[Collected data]
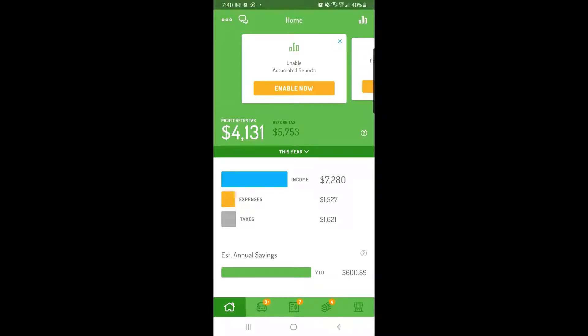You can export a report of any of the information you've tracked in Hurdler at any time. Exporting reports from your Hurdler account is the fastest and easiest way to get detailed business mileage and finance data from the app, and you can easily share reports with your accountant or anyone else who needs them.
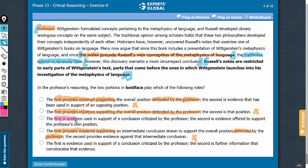Look at answer choice C. It says something is in support of a conclusion criticized by the professor — this makes sense, as there is a contrast between the first bold face and the author's stand. Answer choice E also says the first is evidence used in support of a conclusion criticized by the professor, supporting something that has been criticized by the professor. So the roles for the first bold face suggested by choices C and E are both correct.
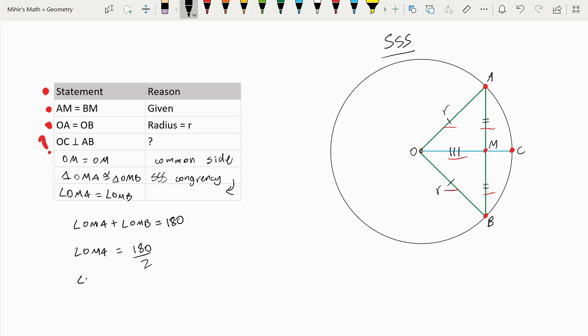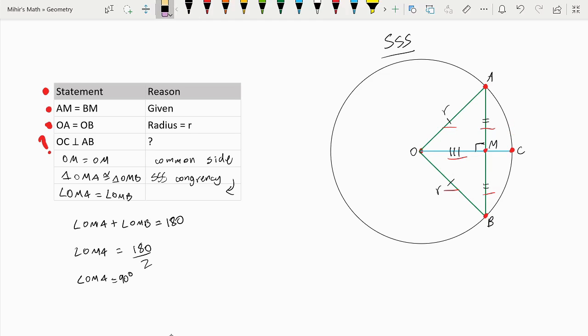This means angle OMA is equal to 90 degrees. So if we look at our diagram, angle OMA is a 90 degree angle, and that means that line OC and chord AB are perpendicular — so this is proven. We have proven that when the radius is perpendicular to the chord it bisects the chord, and when the radius bisects the chord it is perpendicular to the chord.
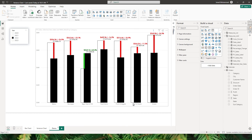With this, we've created a nice-looking IBCS style variance chart within Power BI using native visuals. That's it for this tutorial. I hope you enjoyed it and learned something new today. Please consider subscribing to my channel for more such tutorials.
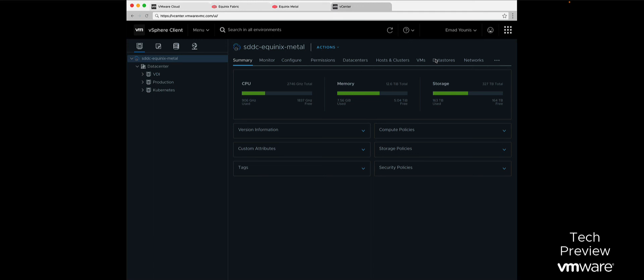This completes our demo on VMware Cloud on Equinix Metal. For more information, please visit the following URL.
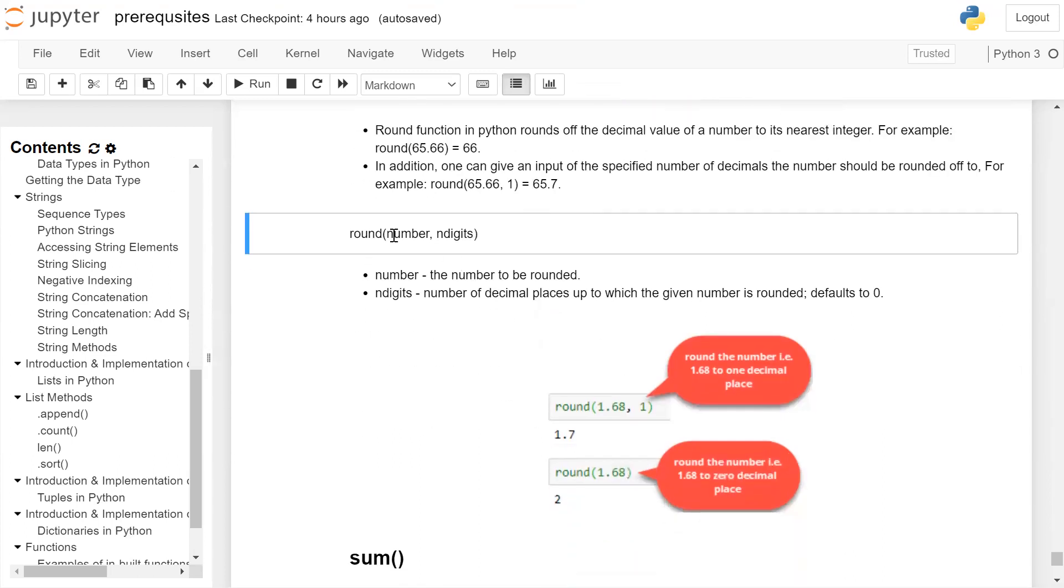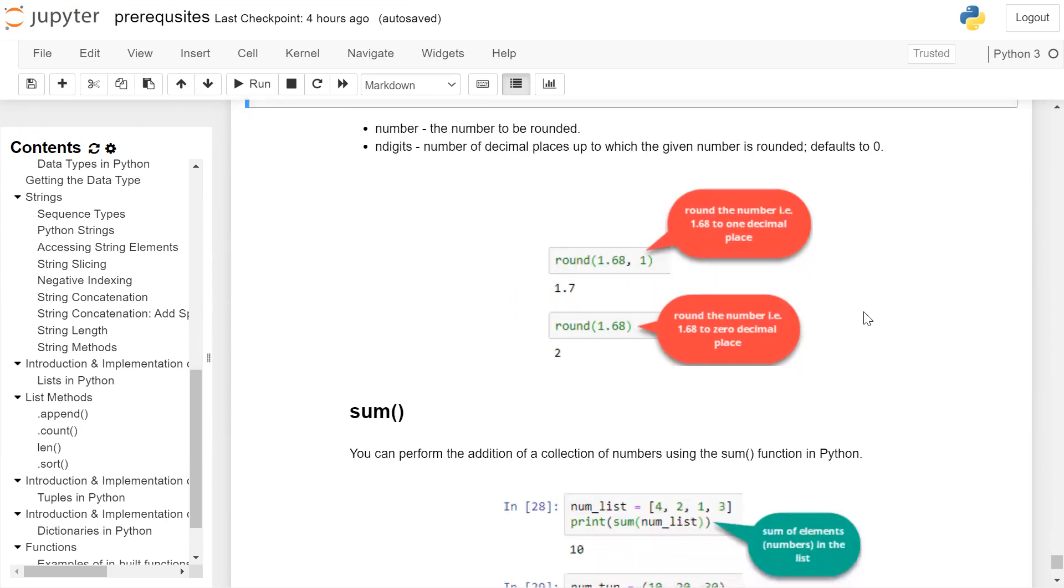The syntax is round number, comma and digit, where number is the number to be rounded and digits is the number of decimal places up to which the given number is rounded. By default, it rounds to zero.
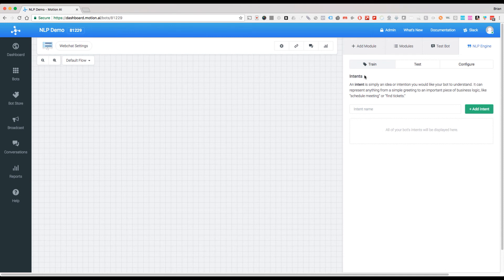What you'll see across the board is train, test, and configure. Configure is just turning it off or on.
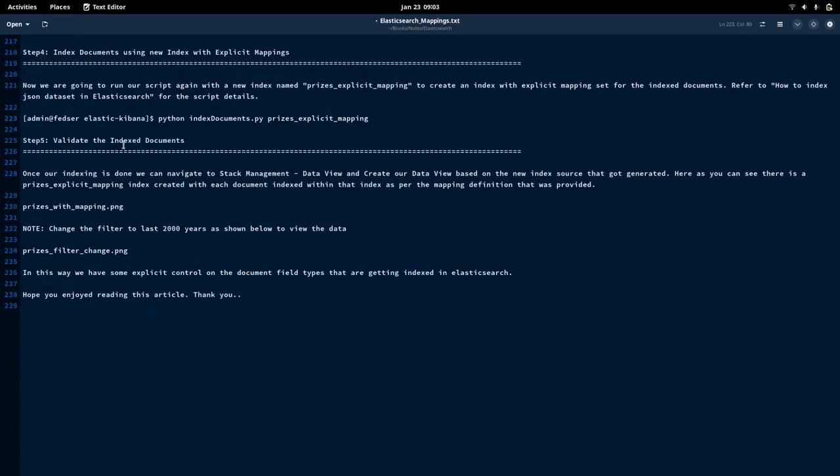This is how we can index our documents with specific field types using index mapping. To summarize: we create a mapping definition file, create an index with that explicit mapping, and send our documents to that index. All our data will then be stored with the explicit mapping we defined. I hope you enjoyed watching this video — thank you all, have a great day.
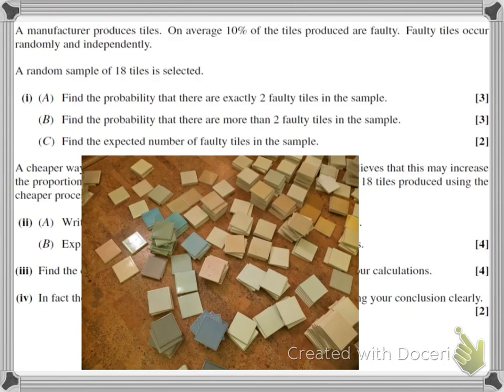A manufacturer produces tiles. On average, 10% of the tiles produced are faulty. Faulty tiles occur randomly and independently. In the first part of the question, we're going to be finding probabilities to do with the number of faulty tiles in the sample.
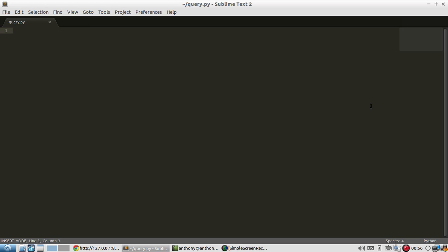So by query strings, I mean something like you have mywebsite.com, you have a page, and then the query string will be everything starting with the question mark, query one, value one.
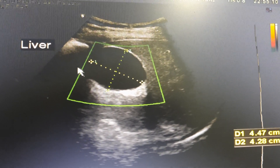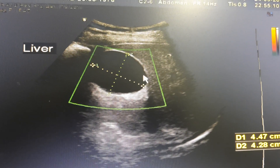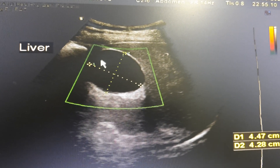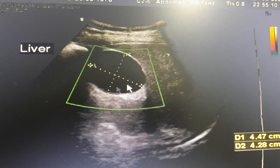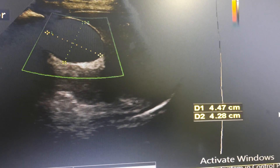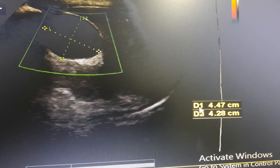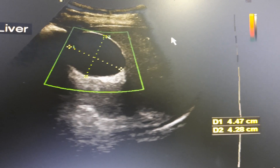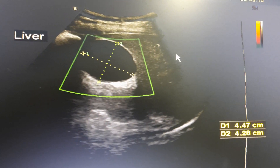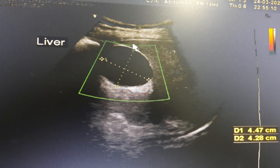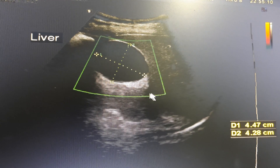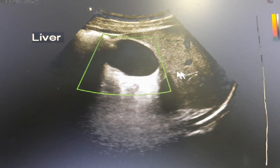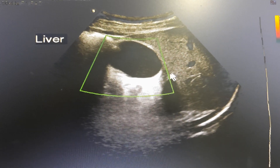Something like this, measured like this — this is in the liver, in the right lobe of the liver. And this is the one.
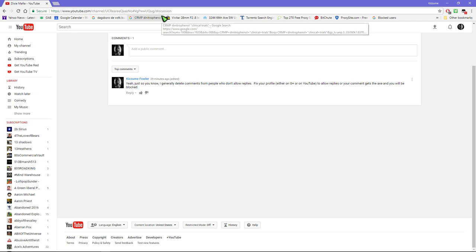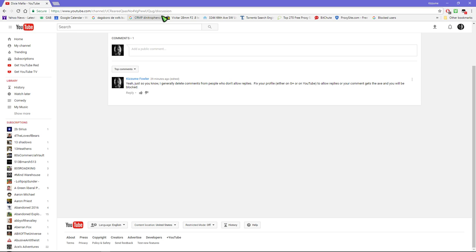And in here I said, yeah just so you know I generally delete comments from people who don't allow replies. Fix your profile either on G plus or on YouTube to allow replies or your comment gets the axe and you will be blocked.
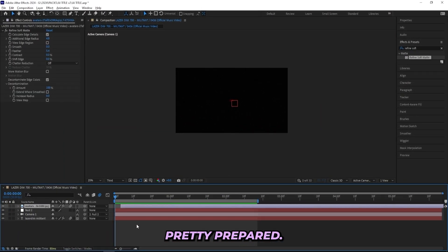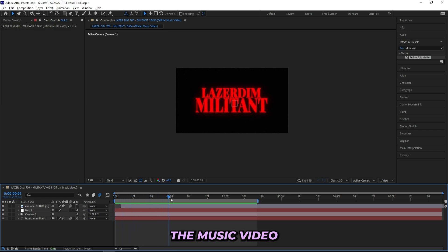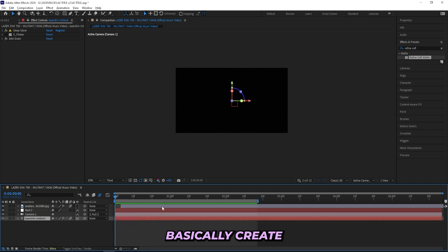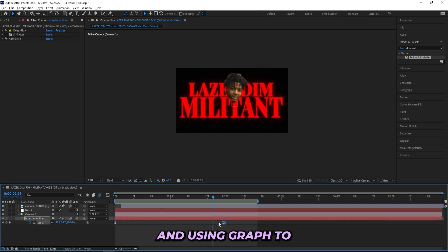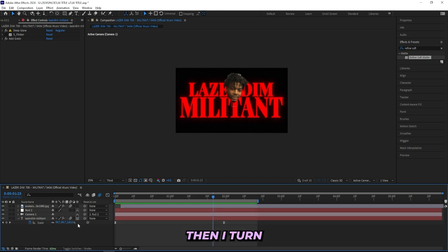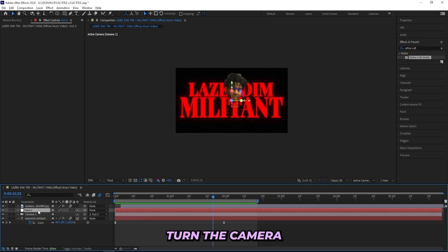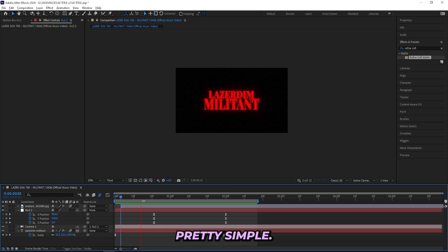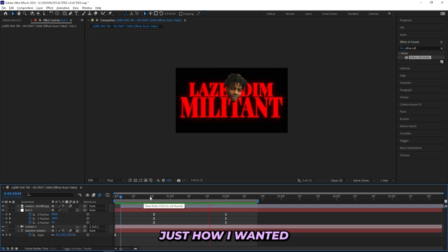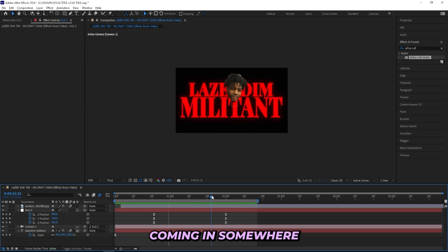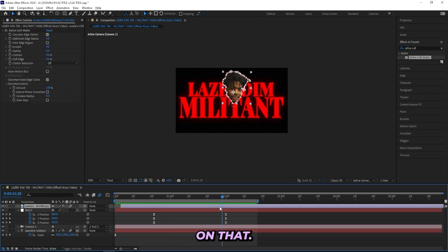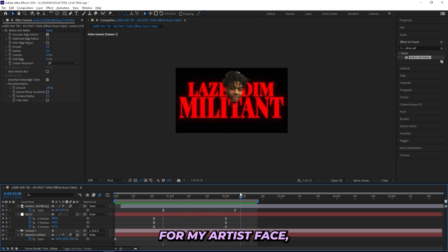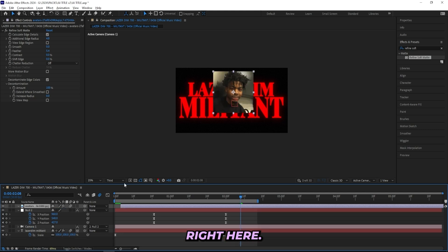But let's get right into the tutorial. So I kinda cheated, I'm already pretty prepared. And for this example I'll be making a title card for this Lazydim music video. And actually I'll just show off what I did real quick. All I did was basically create the text, then create a keyframe scaling it up and using graph to look something like this. Then I turned it into a 3D layer, created a camera and a null, and then I parented the camera to the null and just sized up the Z position so I can have a zoom right here, and then the face pops up. Pretty simple. And you actually don't need to do this, that's just how I wanted to spice it up because you need to have the face coming in somewhere so you can use the AI on that. And I also created the scale for my artist face, which I just cut out from this picture right here.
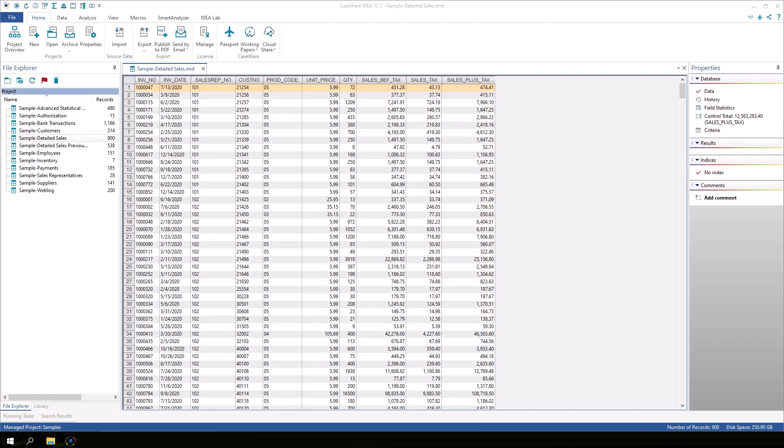The name of the current project is displayed at the bottom of the IDEA window in the blue bar. We are currently in the samples project. IDEA organizes all the files related to a project into a collection of folders called a library.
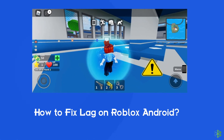Hello guys, welcome back to our channel Android Data Recovery. In this video, we're going to resolve the Roblox lagging issue on Android. Many users have recently complained about this error, so if you are facing the same problem, then this video will surely help you in fixing it.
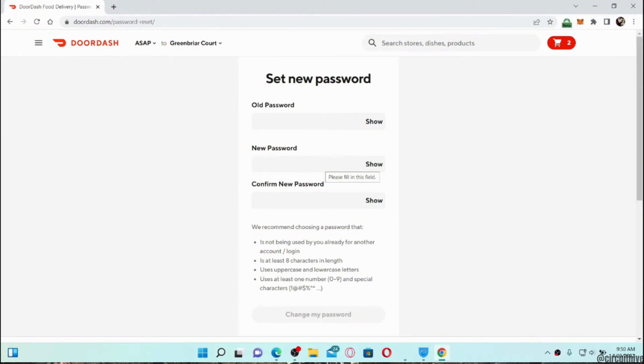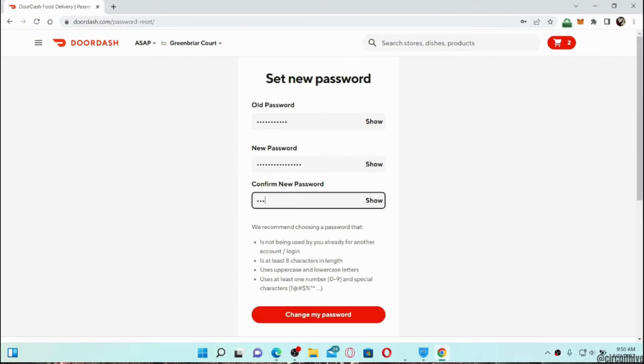First of all, enter your old password and then create one new password for your account. For confirmation, re-enter your new password.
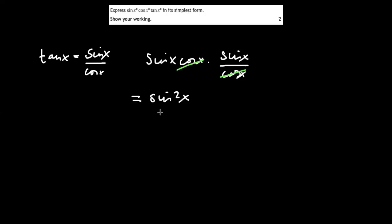That's how sin x squared is written, by the way. So this is really the same as sin x all squared. But we write it as sin squared x.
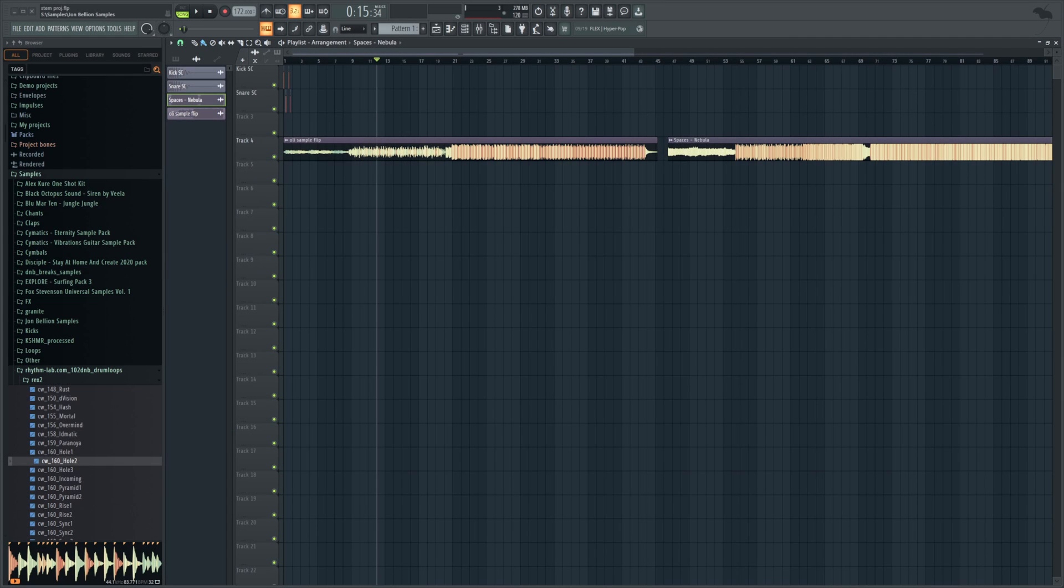Hello everyone and welcome back to another video. Today we have some really good news. FL Studio 21.2 is officially released, meaning we now have the stem extraction feature.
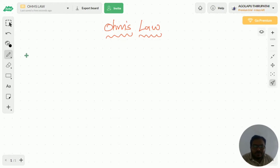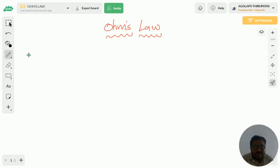Hi everyone, welcome to my YouTube channel. In this video I am going to explain what is Ohm's law and what are the limitations of Ohm's law.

Exercise details: Go back to the lines above and output, exactly as they stand, the ones from the line containing "But let's get" to the line containing "Hello everyone and". Leave all pictures behind.

Your solution:
But let's get right into the tutorial. So I kinda cheated, I'm already pretty prepared. And for this example I'll be making a title card for this Lazydim music video. And actually I'll just show off what I did real quick. All I did was basically create the text, then create a keyframe scaling it up and using graph to look something like this. Then I turned it into a 3D layer, created a camera and a null, and then I parented the camera to the null and just sized up the Z position so I can have a zoom right here, and then the face pops up. Pretty simple. And you actually don't need to do this, that's just how I wanted to spice it up because you need to have the face coming in somewhere so you can use the AI on that. And I also created the scale for my artist face, which I just cut out from this picture right here.
The name of the current project is displayed at the bottom of the IDEA window in the blue bar. We are currently in the samples project. IDEA organizes all the files related to a project into a collection of folders called a library.
Hello guys, welcome back to our channel Android Data Recovery. In this video, we're going to resolve the Roblox lagging issue on Android. Many users have recently complained about this error, so if you are facing the same problem, then this video will surely help you in fixing it.
First of all, enter your old password and then create one new password for your account. For confirmation, re-enter your new password.
That's how sin x squared is written, by the way. So this is really the same as sin x all squared. But we write it as sin squared x.
Hello everyone and welcome back to another video. Today we have some really good news. FL Studio 21.2 is officially released, meaning we now have the stem extraction feature.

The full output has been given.